Tides of corporate debt slowly rising – Report

Concerns over the potential for large-scale corporate debt defaults worldwide have been muted or simply brushed aside by credit markers, Reuters reported Tuesday.

But long-feared corporate debt woes are only just starting to materialize, and any such debt defaults can further disrupt already slowing global economies.

Meanwhile, more companies are being downgraded to lower credit ratings, facing higher borrowing costs as a result, the news agency reported.

Retailer Casino, with $7.19 billion of net debt, is in court-backed talks with creditors; Britain’s Thames Water is in the headlines with its $18.32 billion debt pile.

Meanwhile, Swedish landlord SBB, downgraded to “junk” credit rating in May, as reported by Reuters, is at the epicentre of a property crash that threatens to engulf Sweden’s economy.

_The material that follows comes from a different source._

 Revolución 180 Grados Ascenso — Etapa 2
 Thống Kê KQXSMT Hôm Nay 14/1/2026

When interest rates are higher, borrowing costs rise, affecting companies’ ability to access financing – Source: Shutterstock

Yet the cost of insuring exposure to a basket of European junk-rated corporates last week reportedly hit its lowest in just over a year.

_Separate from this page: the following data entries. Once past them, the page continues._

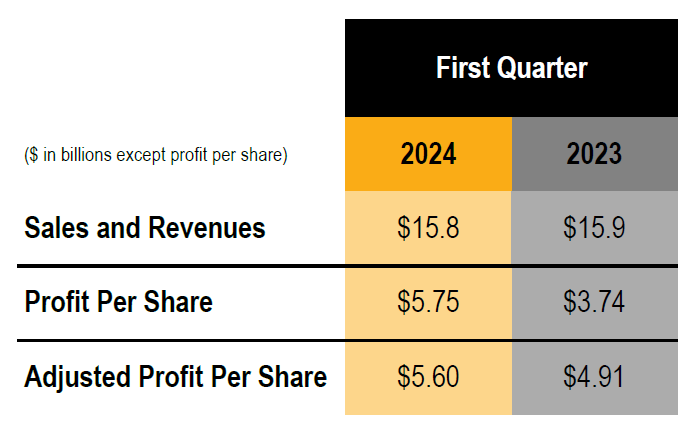 First-quarter financial results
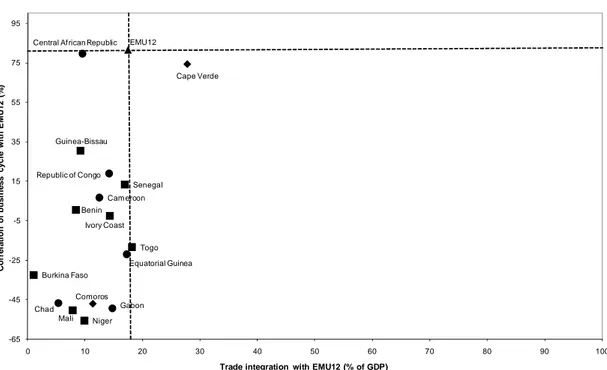 Figure 3. Cyclical correlation and trade integration with EMU12 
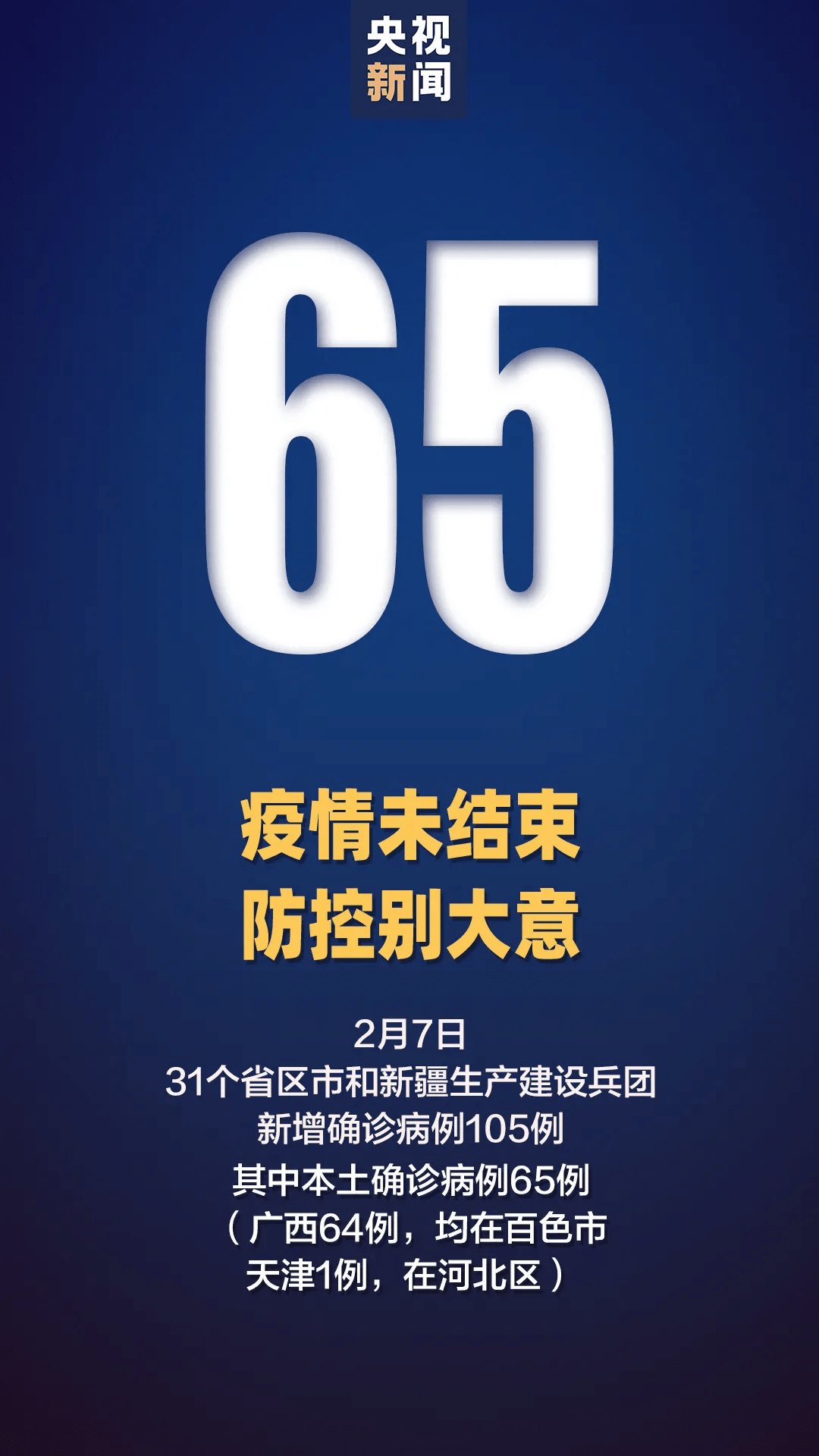 31省区市新增本土确诊59例︰(31省新增本土55例)-第2张图片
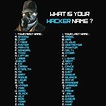 What is your Hacker Name ? | Techniblogic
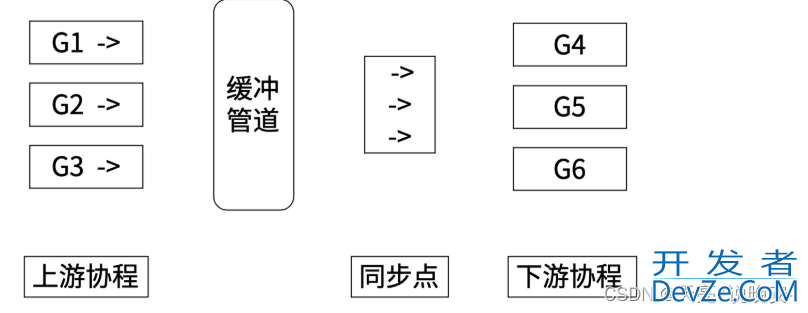 Go channel实现原理分析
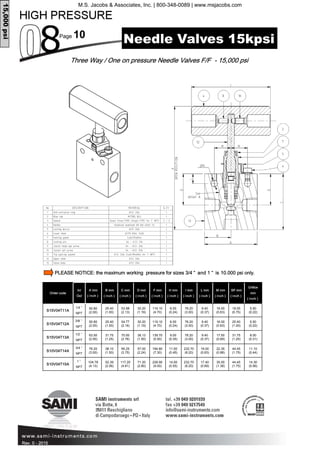 Page 10
Rev. 0 - 2015
Order code
In/
Out
A mm
( inch )
B mm
( inch )
C mm
( inch )
D mm
( inch )
F mm
( inch )
H mm
( inch )
I mm
( inch )
L mm
( inch )
M mm
( inch )
SP mm
( inch )
Orifice
mm
( inch )
S15V04T11A
1/4 ”
NPT
50.80
(2.00)
25.40
(1.00)
53.98
(2.13)
30.20
(1.19)
119.10
(4.70)
6.00
(0.24)
76.20
(3.00)
9.40
(0.37)
16.00
(0.63)
19.05
(0.75)
5.50
(0.22)
S15V04T12A
3/8 ”
NPT
50.80
(2.00)
25.40
(1.00)
54.77
(2.16)
30.20
(1.19)
119.10
(4.70)
6.00
(0.24)
76.20
(3.00)
9.40
(0.37)
16.00
(0.63)
25.40
(1.00)
5.50
(0.22)
S15V04T13A
1/2 ”
NPT
63.50
(2.50)
31.75
(1.25)
70.00
(2.76)
38.13
(1.50)
139.70
(5.50)
9.00
(0.35)
76.20
(3.00)
9.40
(0.37)
17.50
(0.69)
31.75
(1.25)
8.00
(0.31)
S10V04T14A
3/4 ”
NPT
76.20
(3.00)
38.10
(1.50)
95.25
(3.75)
57.00
(2.24)
184.80
(7.30)
11.50
(0.45)
232.70
(9.20)
16.00
(0.63)
22.35
(0.88)
44.45
(1.75)
11.10
(0.44)
S10V04T15A
1 ”
NPT
104.78
(4.13)
52.39
(2.06)
117.20
(4.61)
71.20
(2.80)
228.90
(9.00)
14.00
(0.55)
232.70
(9.20)
17.40
(0.69)
35.00
(1.38)
44.45
(1.75)
14.30
(0.56)
Three Way / One on pressure Needle Valves F/F - 15,000 psi
15,000psi
Needle Valves 15kpsi
PLEASE NOTICE: the maximum working pressure for sizes 3/4 ” and 1 ” is 10.000 psi only.
M.S. Jacobs & Associates, Inc. | 800-348-0089 | www.msjacobs.com
 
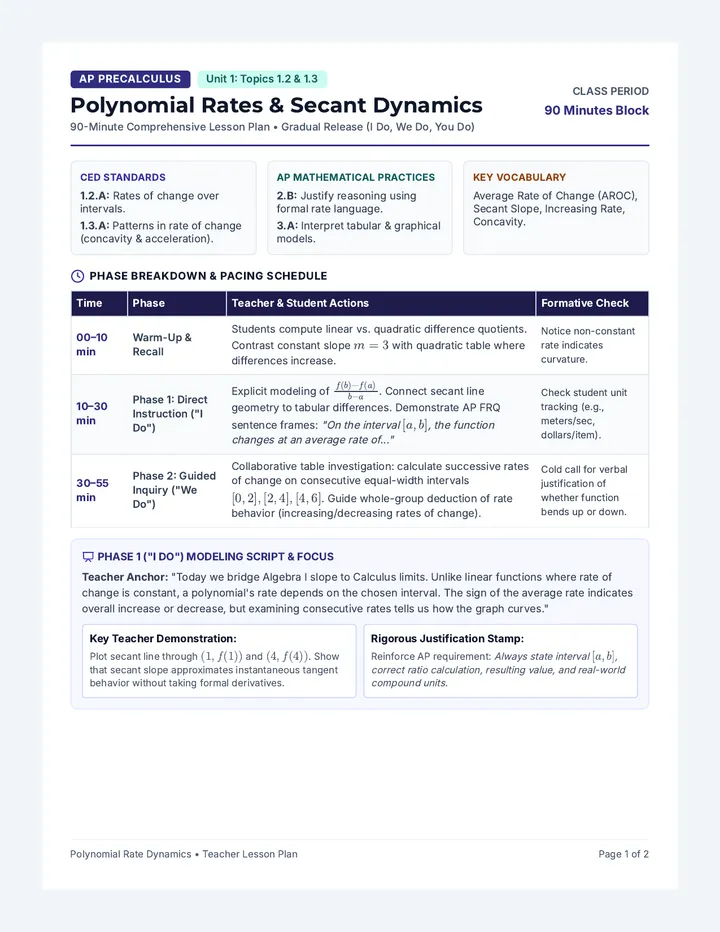 Polynomial Rates Lesson Plan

If anything, this suggests that investors remain unmoved by rising default risks.

“You have a lot of complacency in the market, if you think that statistics show that we have had already as many defaults globally in the first five months of 2023 as in the whole 2022,” said Julius Baer’s head of fixed income research Markus Allenspach.

“But there are still inflows into high yields (bonds),” he told Reuters.

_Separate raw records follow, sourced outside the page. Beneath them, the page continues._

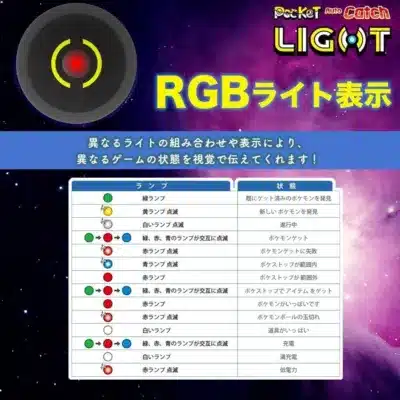 Pocket Auto Catch LIGHTRGBライト表示異なるライトの組み合わせや表示により、異なるゲームの状態を視覚で伝えてくれます！ランプ状態緑ランプ既にゲット済みのポケモンを発見黄ランプ点滅新しいポケモンを発見白ランプ点滅進行中緑、赤、青のランプが交互に点滅ポケモンゲット赤ランプ点滅ポケモンゲットに失敗青ランプ点滅ポケストップが範囲内赤ランプポケストップが範囲外緑、赤、青のランプが交互に点滅ポケストップでアイテムをゲット赤ランプポケモンがいっぱいです赤ランプ点滅ポケモンボールの玉切れ白ランプ道具がいっぱい緑、赤、青のランプが交互に点滅充電白ランプ満充電赤ランプ点滅低電力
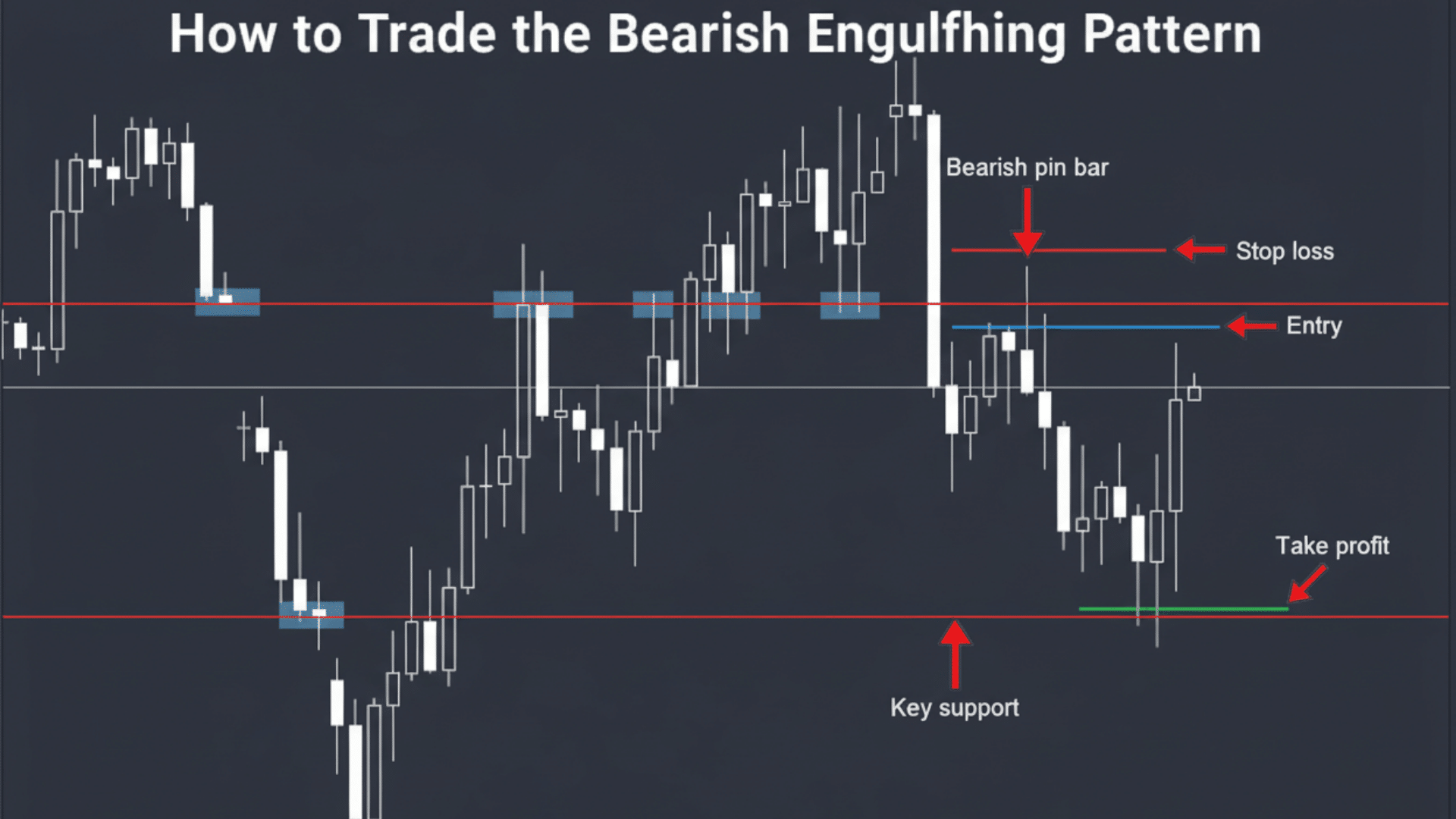 How to Trade the Bearish Engulfing Pattern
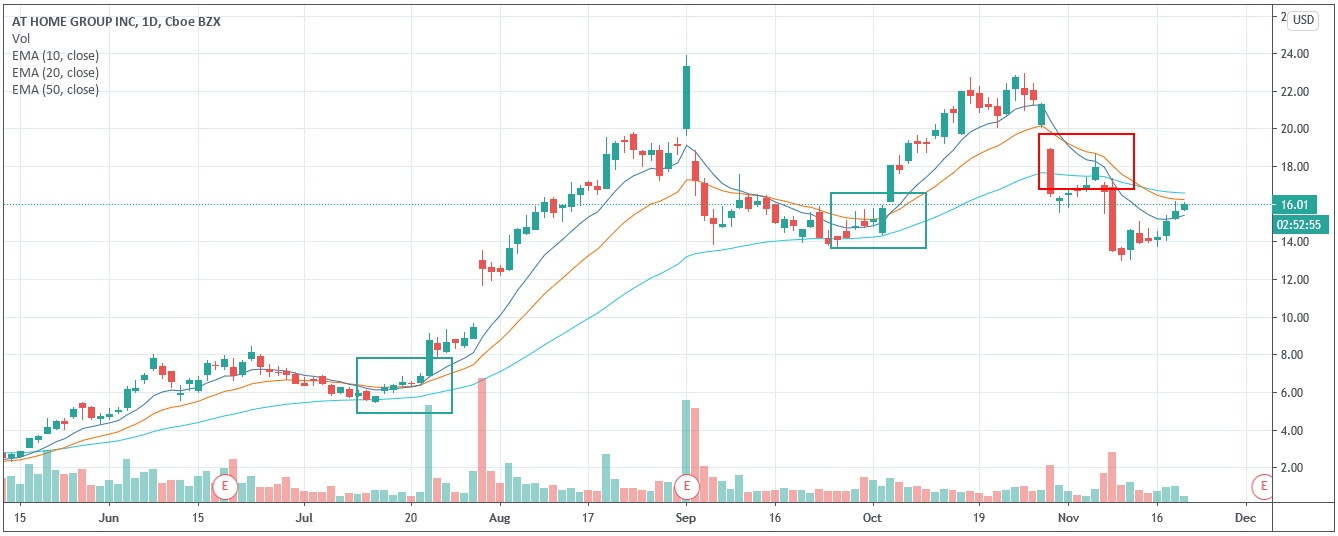 golden cross pattern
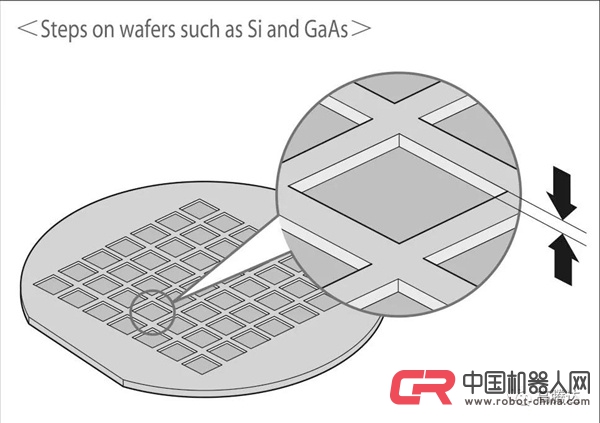 精密深度测量技术-日本UNIOn丨三轴测量显微镜 精密深度测量技术-日本UNIOn丨三轴测量显微镜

S&P Global expects default rates for United States (US) and European sub-investment grade companies to rise to 4.25 percent and 3.6 percent respectively by March 2024. Up from 2.5 percent and 2.8 percent this March.

Apparently, economists and investors are hoping the world economy will avoid a sharp downturn and that aggressive rate hikes will soon end.

Otherwise, where is this hope coming from?

Reuters’ analysts note the impact of rate rises has yet to be fully felt.

“Corporate credit spreads are still extremely tight and are not reflecting the risks that are out there,” chief market strategist at Zurich Insurance Group Guy Miller, told Reuters.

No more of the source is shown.